Ottawa is a city defined by water. From the UNESCO-listed Rideau Canal that freezes into the world's largest skating rink each winter to the rivers that wrap around downtown, our waterways shape how residents move through and experience the capital. Now, a new exhibition at Âjagemô — the gallery space inside the Department of Canadian Heritage building — is asking Ottawans to reconsider those same waterways through an Algonquin lens.
A Different Way of Seeing the Rivers
"Edge Conditions / Inawendiwin" centres on the three natural waterways that converge in and around Ottawa: the Kichi Sibi (the Ottawa River), the Rideau, and the Gatineau. Rather than treating these rivers as scenic features or engineering marvels, the exhibition draws on Algonquin names and knowledge systems that describe each river by its living characteristics — its moods, its role in sustaining communities, and its place within a broader web of relationships between people and land.
As writer Leah Snyder notes in her coverage for Ottawa Life Magazine, most of us who live in the region think of these waterways as part of the gift the landscape provides — but rarely do we consider the deeper linguistic and cultural history embedded in how they've been named and understood for generations before European settlement.
Why This Matters for Ottawa Right Now
For a city whose identity is so tightly bound up with the Rideau Canal and its riverside pathways, this exhibition offers Ottawa residents a chance to see familiar geography with fresh eyes. It arrives at a moment when local cultural institutions — from the Canadian Museum of History across the river in Gatineau to smaller downtown galleries — have been increasingly foregrounding Indigenous perspectives in how the National Capital Region tells its own story.

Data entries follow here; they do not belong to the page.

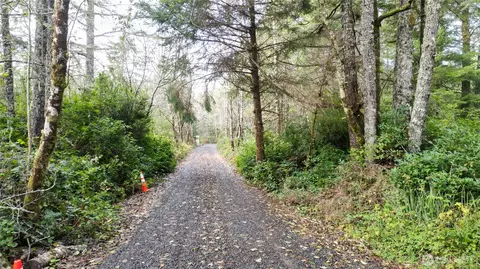 36815 Stackpole Rd, Oysterville, WA 98641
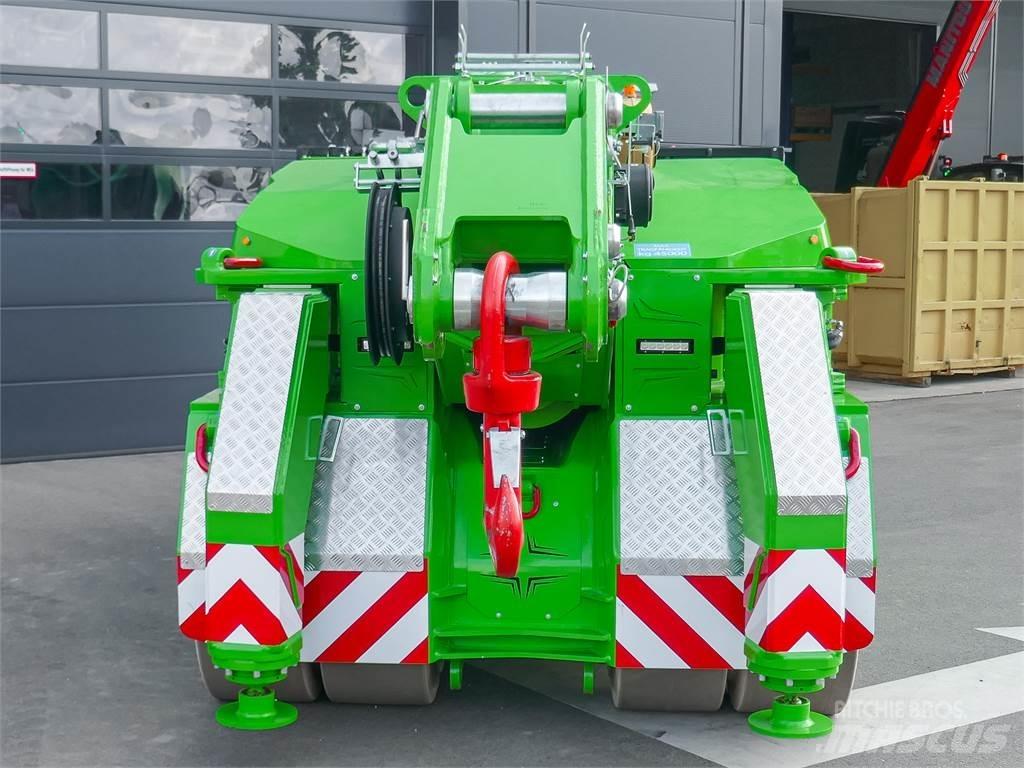 JMG MC 450S Телескопични товарачи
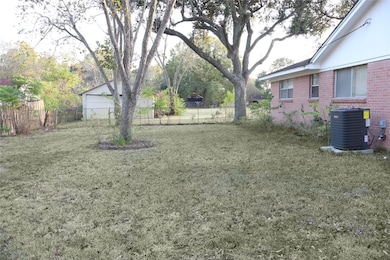 1618 Bernie Ave, Rosenberg, TX 77471 - photo 4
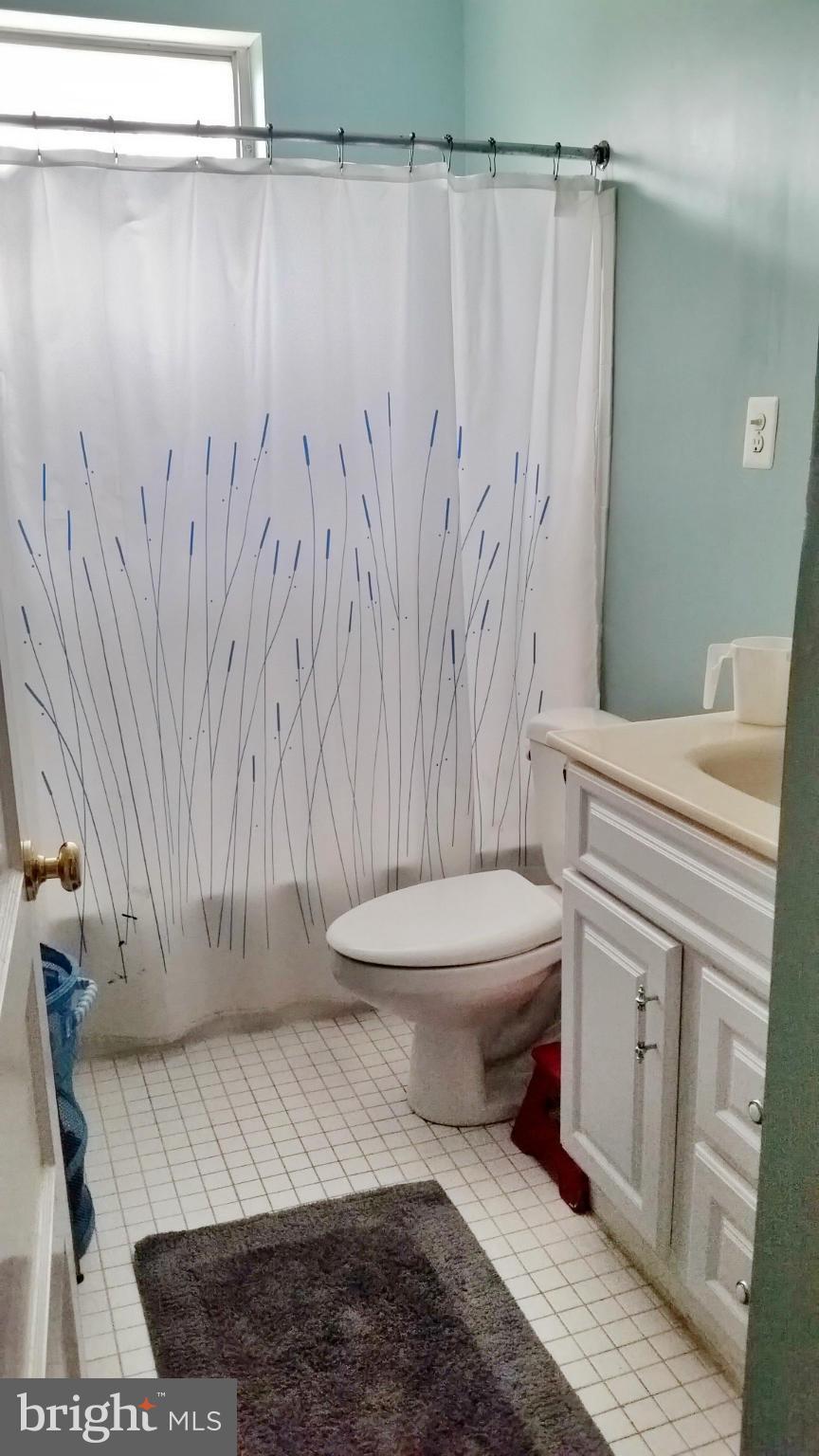 6200 Pimlico Road Baltimore, MD 21209 - Photo 17 of 26 Bath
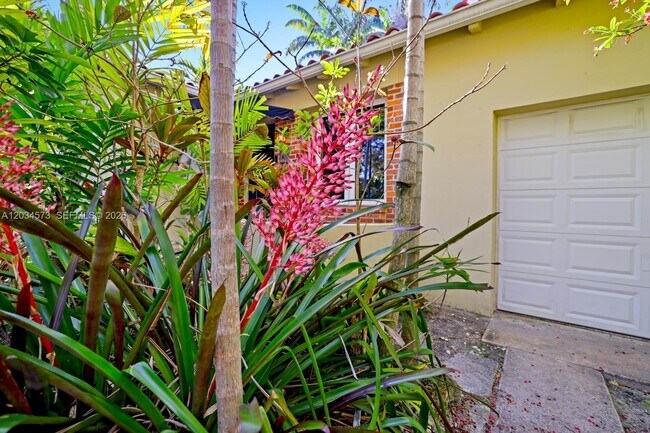 Foto del edificio - 720 NW 75th St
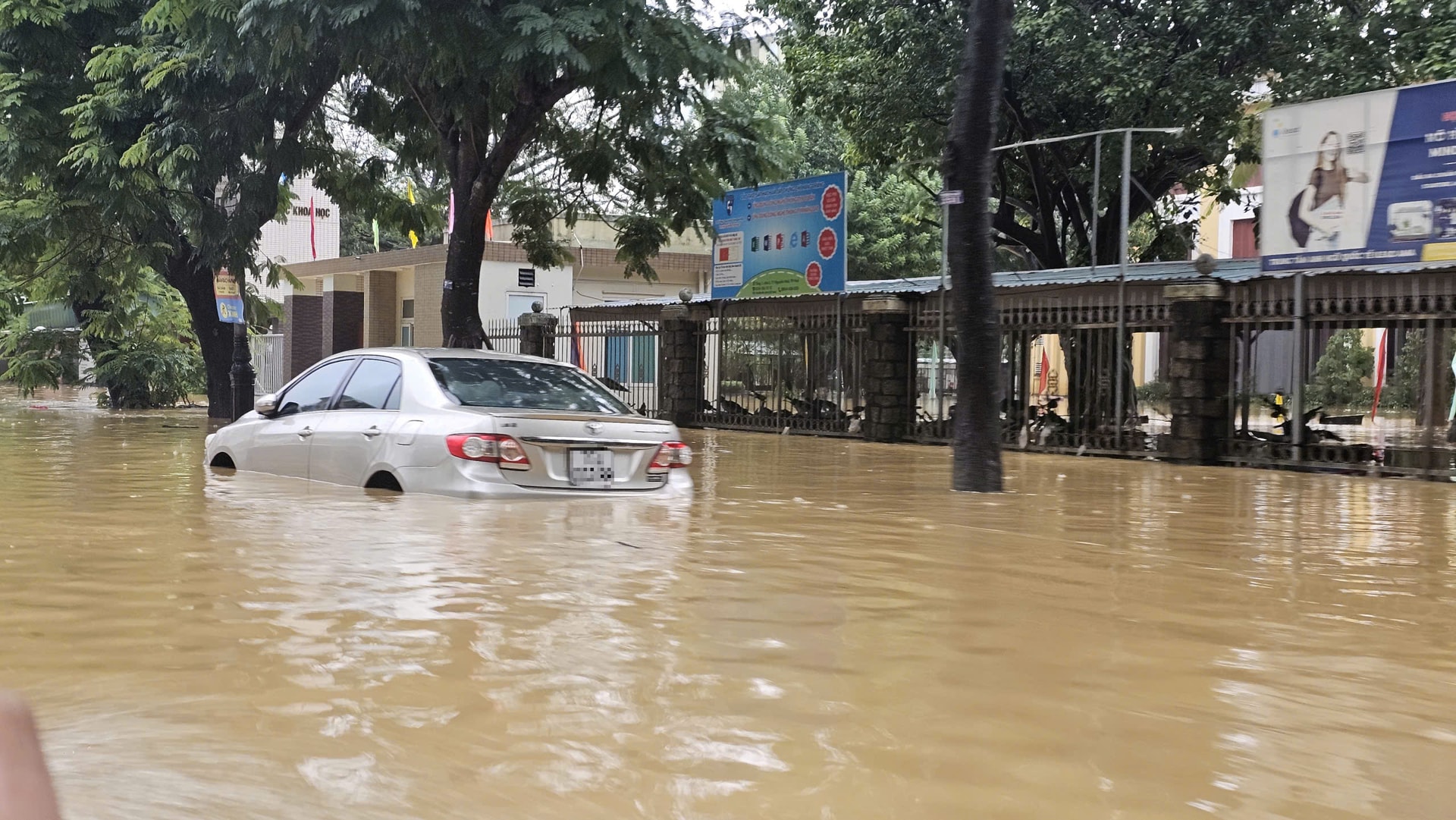 48 giờ vật lộn trong trận lũ đặc biệt lớn ở Huế- Ảnh 1.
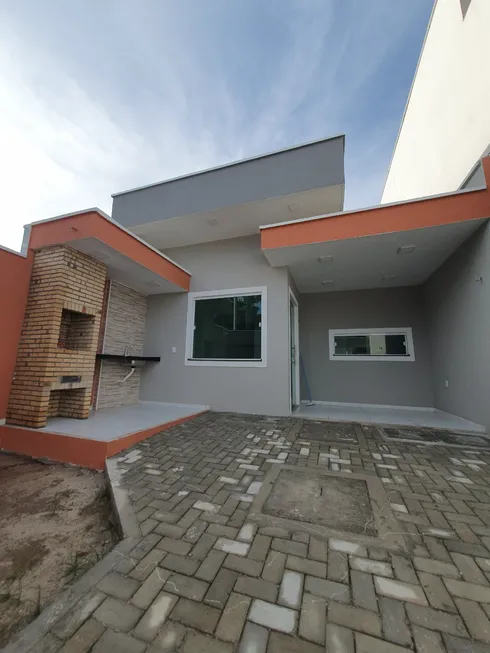 Foto 1 de Casa com 3 Quartos à venda, 100m² em Centro, Eusébio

"Inawendiwin," the Anishinaabemowin word paired with "Edge Conditions" in the exhibition's title, roughly translates to a sense of being interrelated or connected — a fitting frame for a show about rivers that have long connected communities along their banks, long before they became backdrops for canal-side condos and summer festivals.
What Visitors Can Expect
Housed at Âjagemô, a gallery space known for showcasing work that engages with Canadian identity and heritage, the exhibition is positioned as both an art show and a quiet civic lesson. Visitors walking the halls near Wellington Street — steps from Parliament Hill and the very rivers being discussed — can expect to encounter Algonquin place names and stories that reframe the geography many Ottawans take for granted on their daily commutes or canal-side runs.
For those who've spent summers paddling the Ottawa River or winters skating the Rideau Canal, the exhibition is a reminder that these waterways carry names, stories, and significance that predate the city itself. It's a worthwhile stop for anyone looking to deepen their understanding of the land beneath Ottawa's most iconic public spaces.